Question on script-name assignment

From: Tom Emerson (tree@basistech.com)
Date: Fri Nov 09 2001 - 09:22:23 EST

Previous message: Marco Cimarosti: "RE: What constitutes "character"?"
Next in thread: Marco Cimarosti: "RE: Question on script-name assignment"
Reply: Marco Cimarosti: "RE: Question on script-name assignment"
Messages sorted by: [ date ] [ thread ] [ subject ] [ author ] [ attachment ]
Mail actions: [ respond to this message ] [ mail a new topic ]

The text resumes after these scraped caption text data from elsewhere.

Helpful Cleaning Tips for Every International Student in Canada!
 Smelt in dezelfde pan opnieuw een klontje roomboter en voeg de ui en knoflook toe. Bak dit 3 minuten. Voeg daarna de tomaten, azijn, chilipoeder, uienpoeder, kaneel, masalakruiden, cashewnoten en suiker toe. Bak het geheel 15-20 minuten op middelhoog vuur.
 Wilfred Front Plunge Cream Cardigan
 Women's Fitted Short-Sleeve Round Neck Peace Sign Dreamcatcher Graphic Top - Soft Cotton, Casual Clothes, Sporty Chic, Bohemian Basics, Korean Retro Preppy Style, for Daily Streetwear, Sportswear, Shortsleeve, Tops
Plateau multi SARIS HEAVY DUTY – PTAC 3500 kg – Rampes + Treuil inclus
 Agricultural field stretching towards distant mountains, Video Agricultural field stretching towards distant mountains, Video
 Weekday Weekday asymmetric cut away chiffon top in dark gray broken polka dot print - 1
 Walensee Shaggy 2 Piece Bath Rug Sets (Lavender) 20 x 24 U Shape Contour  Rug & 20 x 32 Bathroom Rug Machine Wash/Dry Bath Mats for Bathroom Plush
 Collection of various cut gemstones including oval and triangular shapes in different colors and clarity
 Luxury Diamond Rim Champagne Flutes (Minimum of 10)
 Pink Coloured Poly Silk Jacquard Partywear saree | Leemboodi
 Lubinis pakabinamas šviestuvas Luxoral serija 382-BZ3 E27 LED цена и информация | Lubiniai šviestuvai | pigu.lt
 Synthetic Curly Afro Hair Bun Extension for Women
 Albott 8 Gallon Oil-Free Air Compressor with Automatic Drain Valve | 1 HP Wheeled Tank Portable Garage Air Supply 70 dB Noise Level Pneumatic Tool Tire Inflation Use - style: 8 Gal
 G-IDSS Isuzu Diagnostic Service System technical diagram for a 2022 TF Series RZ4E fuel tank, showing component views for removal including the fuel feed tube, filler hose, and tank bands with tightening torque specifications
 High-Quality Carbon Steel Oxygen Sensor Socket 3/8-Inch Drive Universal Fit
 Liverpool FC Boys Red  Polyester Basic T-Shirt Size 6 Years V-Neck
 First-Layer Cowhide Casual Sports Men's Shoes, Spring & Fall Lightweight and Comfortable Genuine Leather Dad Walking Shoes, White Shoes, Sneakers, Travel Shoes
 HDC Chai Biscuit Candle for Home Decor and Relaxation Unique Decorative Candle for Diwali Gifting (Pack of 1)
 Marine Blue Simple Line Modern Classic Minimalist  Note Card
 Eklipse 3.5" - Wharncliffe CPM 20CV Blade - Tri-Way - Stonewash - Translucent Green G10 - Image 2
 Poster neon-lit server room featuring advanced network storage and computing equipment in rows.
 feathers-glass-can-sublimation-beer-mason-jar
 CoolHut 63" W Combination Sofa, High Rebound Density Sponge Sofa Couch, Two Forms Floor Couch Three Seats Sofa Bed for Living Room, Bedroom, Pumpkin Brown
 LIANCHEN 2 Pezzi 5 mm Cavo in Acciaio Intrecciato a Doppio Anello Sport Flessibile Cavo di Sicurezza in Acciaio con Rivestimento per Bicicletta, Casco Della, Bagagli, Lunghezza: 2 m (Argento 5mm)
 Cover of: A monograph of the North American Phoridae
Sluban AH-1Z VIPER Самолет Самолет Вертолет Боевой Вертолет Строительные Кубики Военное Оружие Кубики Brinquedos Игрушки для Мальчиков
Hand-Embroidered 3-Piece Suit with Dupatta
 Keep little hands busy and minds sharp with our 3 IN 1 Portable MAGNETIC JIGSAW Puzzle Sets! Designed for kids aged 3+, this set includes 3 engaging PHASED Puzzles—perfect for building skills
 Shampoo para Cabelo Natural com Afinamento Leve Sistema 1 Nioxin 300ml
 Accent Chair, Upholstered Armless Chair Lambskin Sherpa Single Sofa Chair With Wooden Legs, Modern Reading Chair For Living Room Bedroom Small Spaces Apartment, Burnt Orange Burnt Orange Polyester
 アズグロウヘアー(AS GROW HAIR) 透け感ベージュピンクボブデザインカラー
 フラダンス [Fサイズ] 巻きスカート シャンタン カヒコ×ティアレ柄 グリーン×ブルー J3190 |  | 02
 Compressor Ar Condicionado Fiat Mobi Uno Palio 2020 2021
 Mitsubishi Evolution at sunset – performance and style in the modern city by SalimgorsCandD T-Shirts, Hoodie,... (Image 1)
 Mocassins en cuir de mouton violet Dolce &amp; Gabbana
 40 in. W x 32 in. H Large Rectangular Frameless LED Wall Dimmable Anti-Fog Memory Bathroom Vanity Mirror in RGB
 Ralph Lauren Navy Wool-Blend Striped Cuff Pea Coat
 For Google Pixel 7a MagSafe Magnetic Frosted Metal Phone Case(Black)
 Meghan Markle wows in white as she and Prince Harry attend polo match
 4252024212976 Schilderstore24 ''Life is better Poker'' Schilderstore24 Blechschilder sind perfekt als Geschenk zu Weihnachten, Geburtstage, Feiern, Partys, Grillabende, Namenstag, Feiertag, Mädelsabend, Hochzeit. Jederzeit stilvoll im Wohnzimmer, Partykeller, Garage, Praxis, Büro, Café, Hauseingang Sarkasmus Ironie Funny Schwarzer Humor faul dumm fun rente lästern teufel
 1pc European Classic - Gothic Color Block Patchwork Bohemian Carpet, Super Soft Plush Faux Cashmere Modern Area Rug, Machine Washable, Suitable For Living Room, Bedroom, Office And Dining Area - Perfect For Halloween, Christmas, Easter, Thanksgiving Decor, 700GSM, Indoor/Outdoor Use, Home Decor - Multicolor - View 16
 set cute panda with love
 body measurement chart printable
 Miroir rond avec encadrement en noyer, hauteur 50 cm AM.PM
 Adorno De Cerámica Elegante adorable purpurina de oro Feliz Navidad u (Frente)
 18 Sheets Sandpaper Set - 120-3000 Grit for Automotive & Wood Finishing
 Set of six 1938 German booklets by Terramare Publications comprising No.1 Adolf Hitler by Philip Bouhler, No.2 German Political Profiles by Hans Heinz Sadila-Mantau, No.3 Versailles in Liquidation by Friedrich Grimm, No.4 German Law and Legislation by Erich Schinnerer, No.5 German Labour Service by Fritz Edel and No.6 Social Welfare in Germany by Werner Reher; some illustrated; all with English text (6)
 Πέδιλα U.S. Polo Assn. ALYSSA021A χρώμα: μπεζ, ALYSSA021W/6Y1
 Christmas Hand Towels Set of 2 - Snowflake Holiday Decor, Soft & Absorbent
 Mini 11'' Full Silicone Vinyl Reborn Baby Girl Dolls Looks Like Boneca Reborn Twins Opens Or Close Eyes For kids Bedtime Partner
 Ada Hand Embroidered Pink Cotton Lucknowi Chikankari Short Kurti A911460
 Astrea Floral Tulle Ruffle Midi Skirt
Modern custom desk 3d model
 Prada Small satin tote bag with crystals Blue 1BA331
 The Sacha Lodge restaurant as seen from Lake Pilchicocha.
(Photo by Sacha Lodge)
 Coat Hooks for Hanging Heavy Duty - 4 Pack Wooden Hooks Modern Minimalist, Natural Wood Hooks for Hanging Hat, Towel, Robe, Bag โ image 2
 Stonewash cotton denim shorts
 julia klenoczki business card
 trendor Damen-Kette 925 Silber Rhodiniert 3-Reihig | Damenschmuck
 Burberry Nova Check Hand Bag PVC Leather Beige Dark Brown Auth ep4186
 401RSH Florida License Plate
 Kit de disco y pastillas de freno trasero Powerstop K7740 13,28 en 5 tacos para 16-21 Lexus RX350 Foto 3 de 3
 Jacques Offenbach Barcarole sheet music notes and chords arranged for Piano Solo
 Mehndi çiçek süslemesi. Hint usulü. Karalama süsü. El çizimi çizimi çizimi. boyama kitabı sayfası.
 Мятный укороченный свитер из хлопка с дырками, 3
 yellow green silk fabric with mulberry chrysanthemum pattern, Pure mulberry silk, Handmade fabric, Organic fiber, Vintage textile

One gotcha, that I run into every six months or so, is forgetting that
the punctuation characters in the Basic Latin block are classified as
Latin script. This trips me up because most of my text processing work
involves CJK, so I'll write something to filter latin characters with
(in Rosette notation):

  if (UnicodeCharacter::GetScriptSystem(c) == ss_Latin) {
      // blah blah blah
  }

while what I really wanted to say is:

  if (UnicodeCharacter::GetScriptSystem(c) == ss_Latin &&
        !AnyPunctuation(c)) {
      // blah blah blah
  }

This is confusing because the ideographic punctuation is not
considered to be CJKScript. For example, U+3001 has undefined script,
but U+002C is Latin script.

So my question is this: why (for I assume there is a Good Reason(tm)
for it) are latin punctuation classified as Latin script, but CJK
punctuation not classified as CJKScript?

I use U+002C when writing with Cyrillic and in Han'gul, two script
systems I think we can all agree are not Latin.

Thanks.

-tree

-- 
Tom Emerson                                          Basis Technology Corp.
Sr. Computational Linguist                         http://www.basistech.com
  "Beware the lollipop of mediocrity: lick it once and you suck forever"

Previous message: Marco Cimarosti: "RE: What constitutes "character"?"
Next in thread: Marco Cimarosti: "RE: Question on script-name assignment"
Reply: Marco Cimarosti: "RE: Question on script-name assignment"
Messages sorted by: [ date ] [ thread ] [ subject ] [ author ] [ attachment ]
Mail actions: [ respond to this message ] [ mail a new topic ]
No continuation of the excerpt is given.